Point taken, Kai. And in looking at a lot of vids at sites like Park Tools, Cane Creek, it seems that the BB and HT ideally should be faced and possibly reamed, latter depending on care taken to keep epoxy and clear coat where it don't belong. So that will be left to the LBS as well as seating the crown race, though with the right diameter sleeve, not exactly rocket science. But why fool around. For 15 bucks, I can get a jig for cutting the integrated seat post and steering tube which looks simple enough. 

I'm not sure how much head tube is too much--have to confess my gut gets in the way of too deep a drop, and neck/core too weak to maintain a traditional racing posture for long. So thinking the first cut will be somewhat high and add some spacers to get more stack. Any advice on the limit here?

May also try one of the angled stems run upwards to reduce vertical drop. 

In any event, the rest seems within my reach and am psyched on a lot of levels. Thanks forr the encouragement and words of caution.


----------



## lionheartdds (Mar 24, 2007)

MerlinAma said:


> Not that difficult to assemble a bike. Just take your time. More info than ever online including video instruction.
> I get the LBS to press in my headsets as I do not want to invest in the tools.


Most of the 300-400 buck carbon frames on e-bay use IS headsets, not external bearing cups, so you should be able to do them yourself. However...getting the right IS headset gets a little tricky. If you're lucky, those ebay specials will come with a headset, and if you're really lucky, they'll even fit correctly without adding internal shims. I bought one of those 3 years ago, and I had to add 3 or 4 washers/shims because the head tube insets were 1-2mm too deep for the internal bearings that came with the bike. I suppose I could have faced the top and bottom of the headtube, but that was more work and potentially more risk than I wanted at the time.
If you need to press an external bearing headset, you can either go to the LBS and save a ton of time and hassle for a small fee, or if you plan on building a lot of these bikes, make your own headset press.

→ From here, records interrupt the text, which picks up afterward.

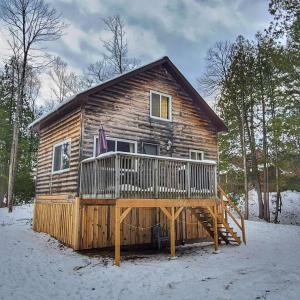 Cabaña de madera con terraza en la nieve en Juniper Cabin- Waterfront retreat on Mosque Lake, en Ompah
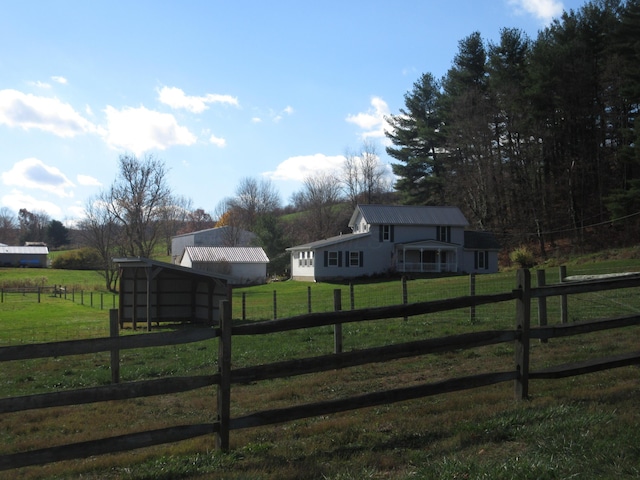 view of yard with an outbuilding and a rural view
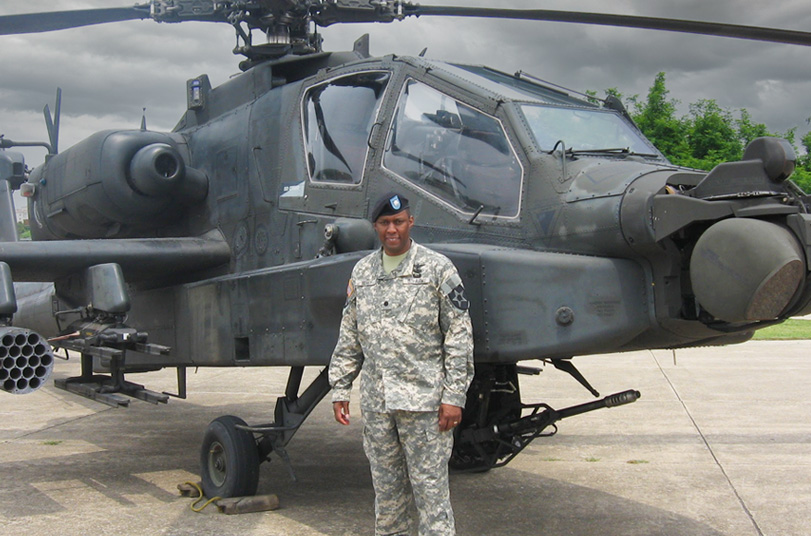 photo of Kevin Berry in front of an Apache helicopter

Just get one long hexhead bolt (half inch diameter), matching nut, and several pairs of washers (each pair 1/2 inch larger sequentially so that the largest washer will sit flush on top of the external headset cup and completely cover the cup with some extra to spare). The LBS owner showed me how to build this home made headset press for the next time I needed one, and it will only put you out about 8 bucks.


----------



## lionheartdds (Mar 24, 2007)

andulong said:


> The only press fit is going to be the crown race on to the fork. About a 2 minute job at the LBS. I carried my fork in, bought a headset to fit the bike and asked them to press it for me...no charge! Actually it was more of a tap fit, not a press fit.
> 
> Building a bike is a great way to learn the bike inside and out. Once you do this you will never need to take the bike to a shop for repair again...unless it is someting unusual or catastrophic.


Make your own crown race press. Buy a suitably long piece of steel pipe (1 and 1/4 inch diameter pipe if you're using a 1 and 1/8 steerer fork), make sure one end is cut perfectly square to the long axis of the pipe (and sanded and polished on the same end). The pipe needs to be a few inches longer than the steerer tube. Fit over the steerer tube after fitting the crown race as far as you can by hand, turn upside down and bang that pipe on a hard concrete or asphalt surface. 2 hard taps usually seats the crown race (the LBS owner showed how to do this, except his home made version was made from a length of aluminum top tube cut from an old Cannondale bike).


----------



## lionheartdds (Mar 24, 2007)

newmexrb1 said:


> Just looks like fun to custom build a bike no one has, including decals and the detailing, and the few CF frames I have ridden were posh rides. I'll be verry happy with sub 18#.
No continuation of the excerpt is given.